This week I shared a post about my slew of card applications whose sign-up bonuses will be supporting a slew of fun and exciting activities over the coming year. Two of those applications took advantage of a widespread type of application known as preapproval. These effectively let you go from window-shopping the manakin’s outfit to trying on the jacket in the store. You get to see if the jacket fits, and if you want to buy it.

What is preapproval?
There are a few distinct routes for folks to get access to credit. All of them involve assessment of credit worthiness from the bank.
- Direct application – Customer Y goes to Bank X seeking a specific card or product.
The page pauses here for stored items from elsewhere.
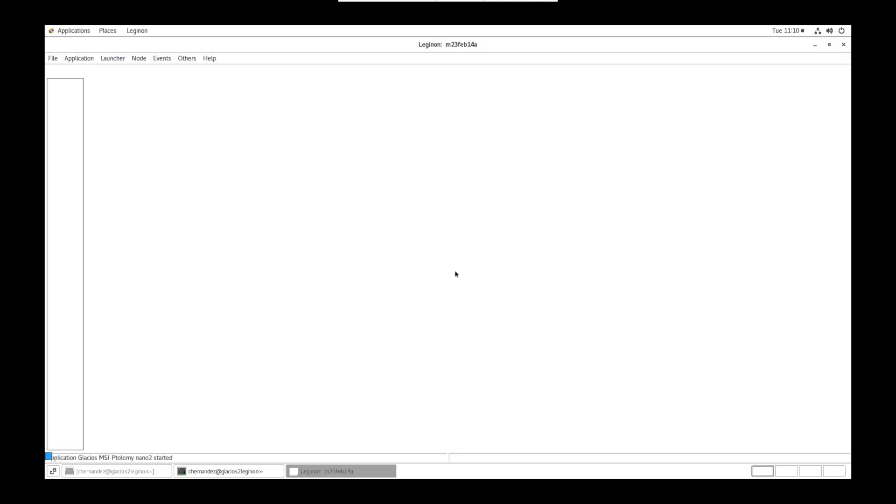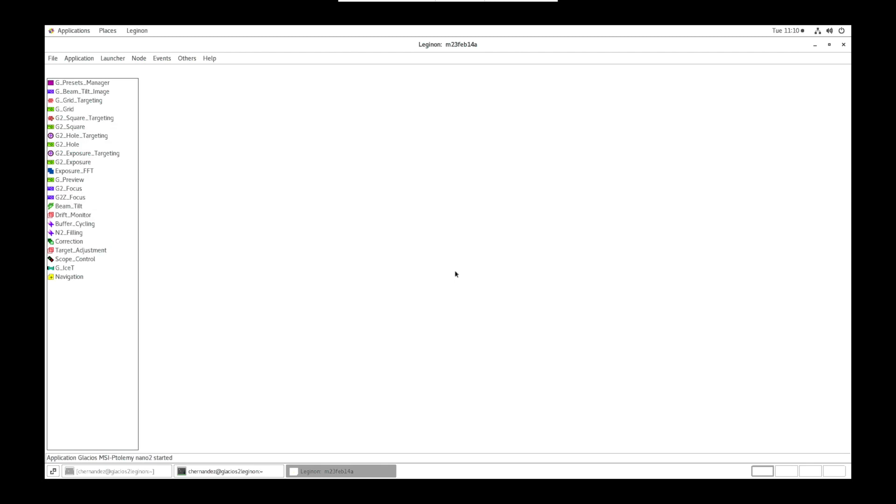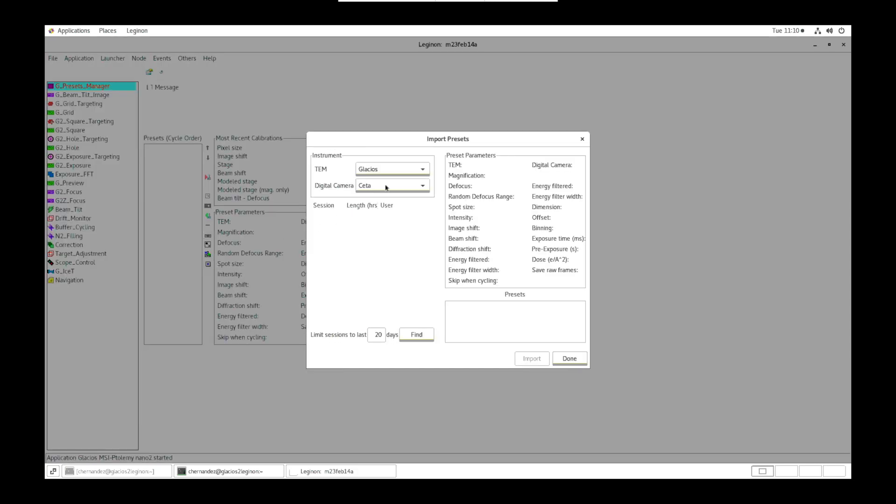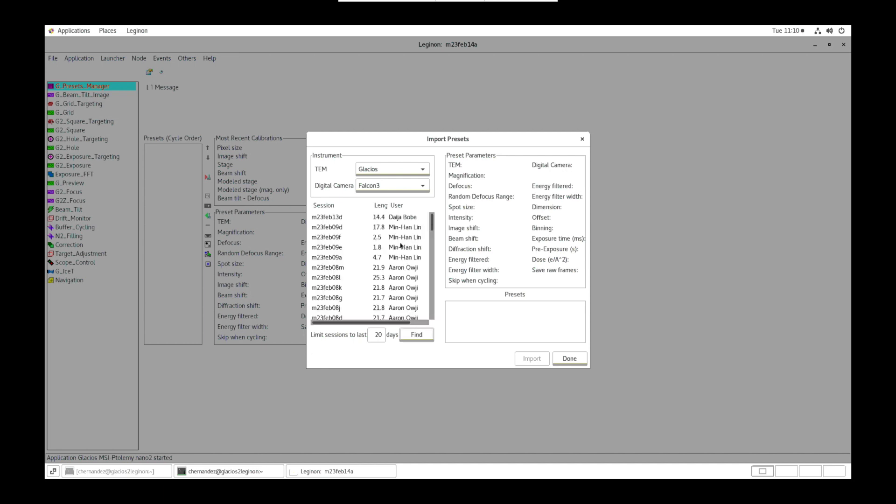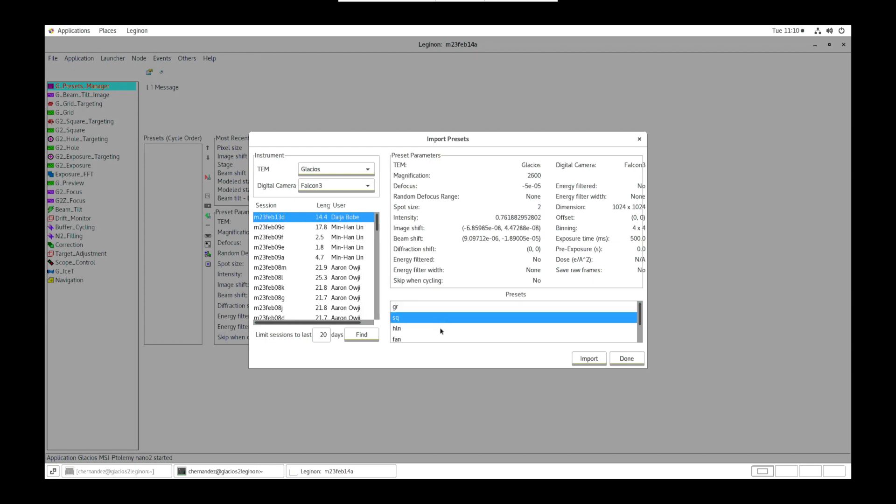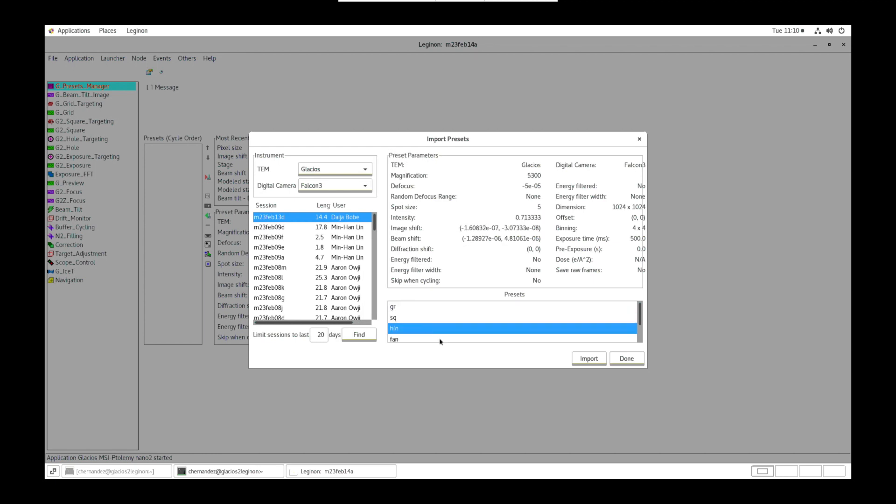Once the nodes are loaded, click on presets manager. Scroll through the options and click import presets from a previous session. The TEM is Glacios or digital cameras of Alchem 3 and select find for limit sessions to 20 days.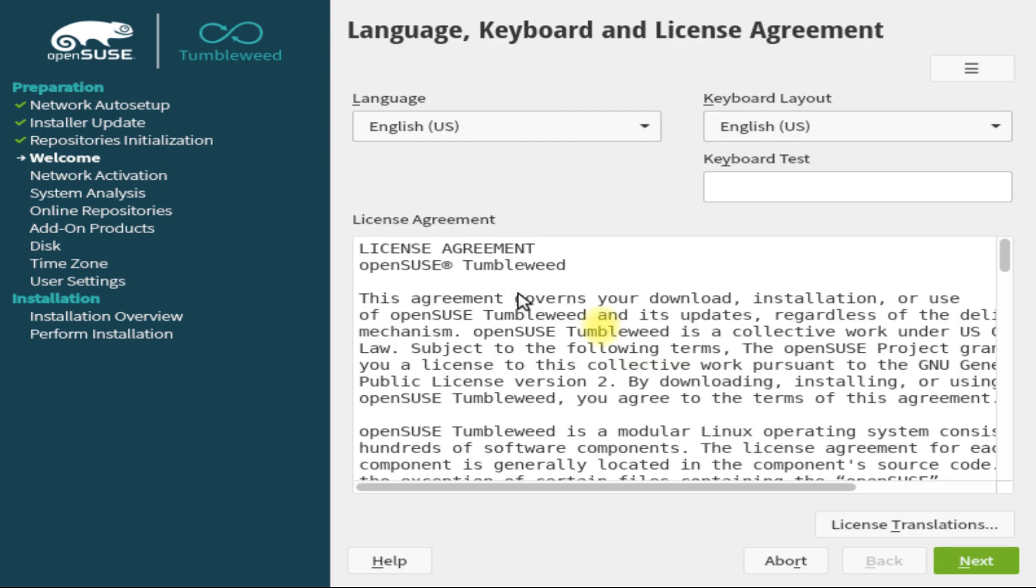At the next screen, you can choose your language, your keyboard language, and of course the license agreement.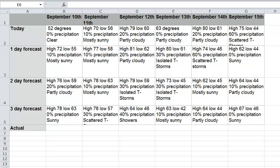This tutorial shows how to set up a spreadsheet for answering the question, how accurate are weather forecasts?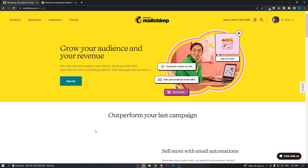MailChimp Beginner's Guide. This video is going to be a complete tutorial. I'm going to show you everything you need to know about MailChimp, including how this platform works, the pricing, and absolutely everything like that. So if you are interested in learning more about MailChimp, keep watching as this is going to be the most valuable video you ever watch.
Bank X then takes information from the customer, typically does a hard inquiry on the bureau(s) and uses gathered information to assess eligibility and provide an approval to customer Y.
- Preapproval application – Customer Y goes to Bank X seeking either eligibility for a specific product, or eligibility for a range of products. Bank X then takes information from the customer, typically does a soft inquiry on the bureau(s), and uses gathered information to assess eligibility and provide a high confidence offer (or offers) to customer Y. Customer Y must accept presented offers (“apply”), after which a hard inquiry is placed on bureaus.
- Prequalification offer – Bank X solicits customer Y because they think they are a profitable customer. This means Bank X did screening for various standards, credit and otherwise, to define target and eligibility. They then marketed these individuals via email, direct mail, phone, or some other channel. They know with high confidence eligibility because they have already filtered most ineligible folks out. Marketed customers must proceed in submitting formal applications and/or accept offers.
What preapproval provides is high-certainty on approval outcome and specific terms
Known outcomes allow for planning and optimization. Knowing approval status is the most typical (“congratulations you are eligible for product X”). Knowing specific terms (ex. credit line, APR) is also becoming increasingly common across pre-approval systems. This allows for customer to not only to skip products where those standards don’t meet their expectations or needs (too low of line, too high of APR, etc.)
The icing on the cake is the soft-inquiry

“Soft” inquiry means “invisible to credit providers.” This means Bank X is able to make a decision, Customer Y is able to get high certainty on eligibility, and there is no adverse impact from shopping activities. The presence of a “hard” inquiry means credit seeking behavior, which is a sign of risk to lenders. That means that credit score is adversely impacted, and that lenders look at inquiries and may say “no, too risky”, or “yes, but [lower line or higher APR]”. More is objectively bad, but in my experience the impacts for “reasonable” activity (not gaming activity with lots of applications like me) is nominal.
What does that mean for folks hunting for credit cards?
Skip the hard inquiries. Shop around. See what meets your needs. Apply with certainty, and minimize your hard inquiries in the process.